Later in this run, contestants were occasionally given the chance to win a prize package (the "exacta") by guessing how many celebrities had correctly answered the current question. They made their guesses in secret, and could both win the package for being correct. The exacta was added to the NBC version during its last 13 weeks, but with an added requirement that contestants make different guesses.

==Promotions==
The program was involved in NBC's first cross-game promotion, held on St. Patrick's Day in 1975 and called "Shamrock Sweepstakes". Players from NBC's six daytime game shows at the time (Sweepstakes, High Rollers, Wheel of Fortune, Hollywood Squares, Jackpot!, and Blank Check) answered a set of questions dealing with Ireland and Irish/Irish-American people; the one who got the most correct won $100,000.

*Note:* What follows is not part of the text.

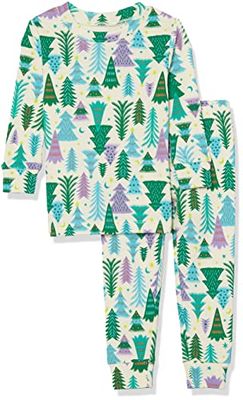 Amazon Essentials unisex småbarn tät passform bomullspyjamas nattkläder set, Ecru festligt träd, X-Small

A later promotion, lasting a week, gave home viewers a chance to win. Two celebrities played the game each day; many of these were actors from NBC soap operas, but Chuck Woolery and Susan Stafford of Wheel of Fortune played on the last day. Each celebrity was paired with a viewer who had sent in their name and telephone number. In order to be eligible to win, a viewer had to answer their phone when a call from the show came in. At the end of the week, the eligible viewers paired with the three highest-scoring celebrities received whatever totals they had won, with an additional $75,000 for first place, $20,000 for second, and $5,000 for third.

==Episode status==
The episode status of Celebrity Sweepstakes is unclear. It is possible that the series was destroyed as per network policy at the time. The pilot and finale both circulate among collectors, and a 1975 episode from the Warhol collection is held by The Paley Center for Media in New York, as well as two other episodes. The final episode can also be currently viewed on YouTube. In addition, the last 30 seconds of the January 6, 1975 show exist on audio tape, which features Chuck Woolery promoting the premiere of Wheel of Fortune. Additionally, about 2 minutes and 20 seconds of the March 18, 1975 episode recorded off WAVE in Louisville and featuring a clip of the Shamrock Sweepstakes mentioned above has surfaced and can be viewed at the FuzzyMemories YouTube channel.

The status of the syndicated versions is also unclear. It had been assumed by traders that these episodes, along with the daytime episodes, were in the possession of producer Burt Sugarman. On January 9, 2013, host Jim McKrell was interviewed on the Shokus Radio program "Stu's Show" and seemed to contradict this, saying that the entire run of Celebrity Sweepstakes was destroyed due to the issues of dual ownership between Sugarman and Ralph Andrews.

Andrews briefly sold the program to Burt Sugarman in 1974, only to be sold back to Andrews in 1976.

==Foreign versions==

===United Kingdom===
The Sweepstakes Game, using a similar format with Bernard Braden as host, ran for 13 weeks on LWT from July 3 to September 25, 1976. A fourteenth episode later aired as a Christmas special.

===Japan===
Quiz Derby, with similar rules but only five celebrities, was a much more popular version than both its American and British counterparts. It ran weekly from 1976 to 1992.

===Australia===
In September 1977, ATV-0 in Melbourne premiered All-Star Sweepstakes with John Newman as host. The series lasted until January 1978.